Many mobile devices can support Java through a micro version of the Java
Virtual Machine called KVM (Kilo Virtual Machine). KVM can not only run Java
applications built for mobile devices -- the so-called J2ME (Java 2, Micro
Edition) applications -- but also supports a superior user interface and off-line
functionality during instances of intermittent wireless network connections.
In any case, the common characteristic of these applications is their server-side
interaction. They all rely on server-side logic to supply them with the
appropriate data and communicate via Internet standard protocols such as HTTP. This shifts a large chunk of the coordination
burden to the server side; the server-side application logic must be designed to
support each of these devices while fully utilizing all of the device's
features. In the case of browser-based applications (e.g., WML, c-HTML), the
content needs to be formatted properly for the mobile device display and
browser. Even in the case of J2ME applications, a significant amount of
server-side intelligence is required. For example, the proper J2ME application
must be provided -- i.e., the right application must be chosen for the
requesting wireless device, and the version must be checked before delivery.
The wireless network also implicitly affects the development of the
applications. Limited bandwidth, high latency, and intermittent connectivity
often plague wireless networks. Design efforts to combat network challenges,
such as high latency, may involve delivering the maximum amount of content
supported by each device, reducing unnecessary requests (or chattiness) over the
high-latency wireless link. This so-called "forward-caching design" relies on a
forward-caching software infrastructure resource to intelligently detect the
memory of the device making the request, estimate compiled size of content,
paginate the content, deliver it, and transparently maintain the links among the
pages. In the case of J2ME, even greater sophistication is required, since the
software must provide code as well as data. The cache manager
ultimately decides what parts (classes) can be delivered to the mobile device.

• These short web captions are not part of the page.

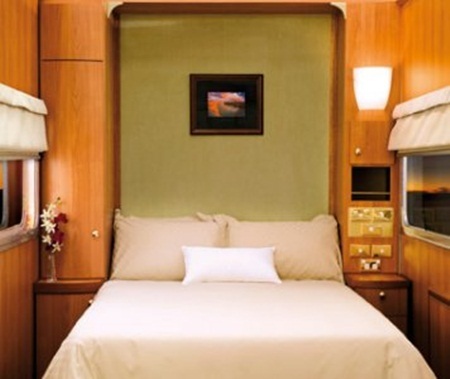 9 con tàu du lịch siêu xa xỉ nhất thế giới - 7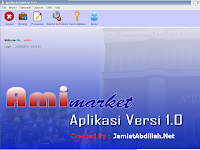 download aplikasi minimarket di pemrograman java netbeans 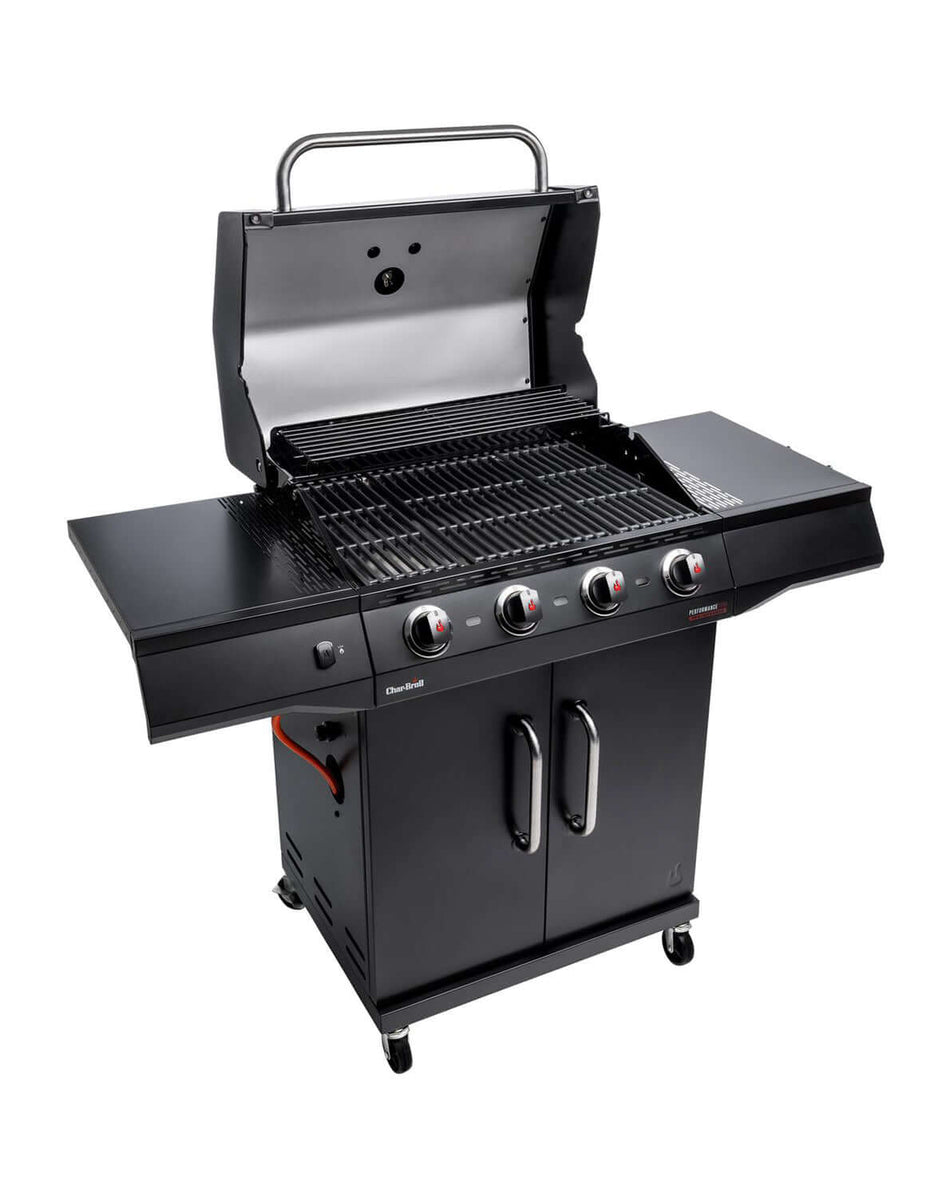 Barbecue a gas PERFORMANCE CORE B4 CHAR-BROIL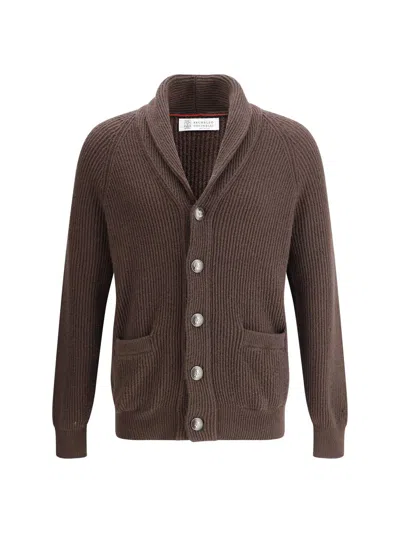 BRUNELLO CUCINELLI BRUNELLO CUCINELLI KNITWEAR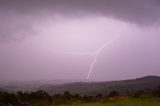 Australian Severe Weather Picture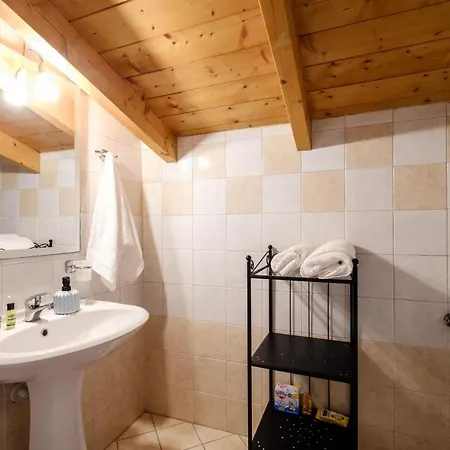 Amazing View Family Penthouse *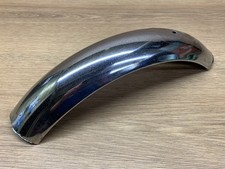 Vintage Raleigh MK1 Tomahawk Rear Mudguard Used Condition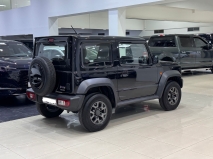 للبيع سوزوكي Jimny 2022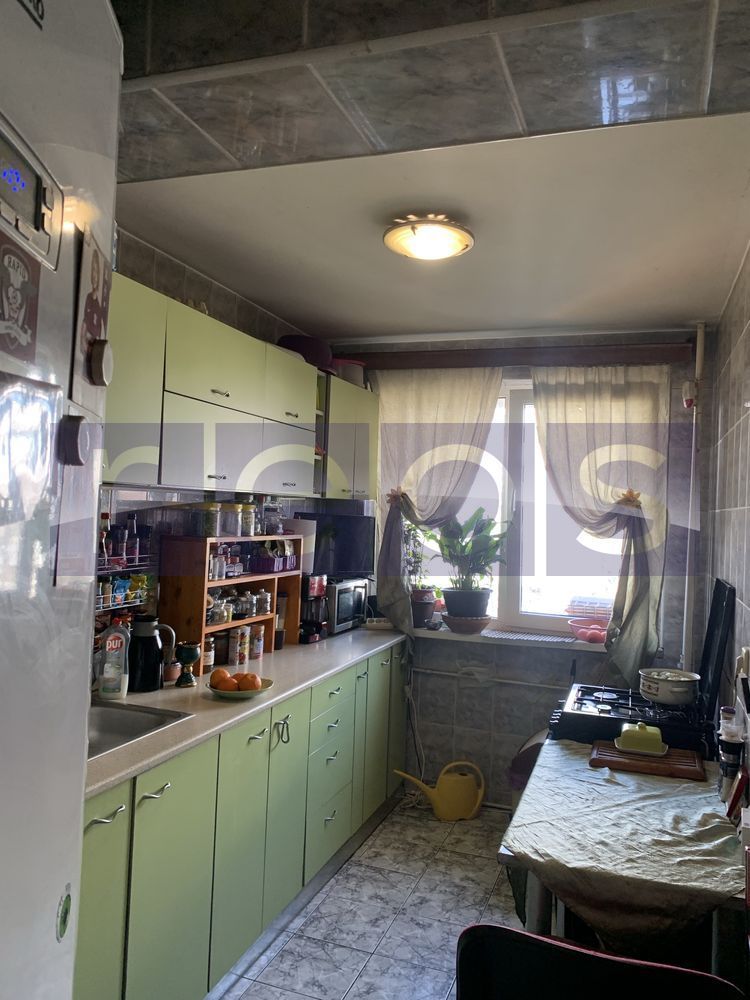 VANZARE 3 CAMERE SEMIDECOMANDAT - Parc IOR,MallPark Lake , Dristor - Poză 3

The mobile environment also creates a new application paradigm that may
involve multi-modal device access, where a user can swap devices and access
methods such as voice and data in the middle of an application. The application
may require non-HTTP messaging models for notifications, location-based
services, and potentially even a new security model. This new application
paradigm affects server-side development by requiring multi-modal session
managers and access to non-HTTP messaging channels.
Mobile Application Development with J2EE -- First-Generation Approaches
J2EE defines a standard for developing multi-tier enterprise applications by
not only basing them on standardized, modular components, but also providing
services (e.g., secure transactions) to those components. In other words, J2EE
gives the developer a framework and a set of services that simplify the
development of Web-based applications. The framework and the associated services
are implemented and packaged as products called J2EE application servers. The
developer extends the application services (e.g., Servlets, Java Server Pages,
and Enterprise Java Beans) and writes to a set of APIs that solve a significant
portion of the underlying software
challenge for Web-based development. The J2EE application server allows the
developer to focus on application development while providing a clean separation
between the application server and the application code. In the application
code, the developer is encouraged to keep the presentation layer code as
separate as possible from business logic to reduce the maintenance cost.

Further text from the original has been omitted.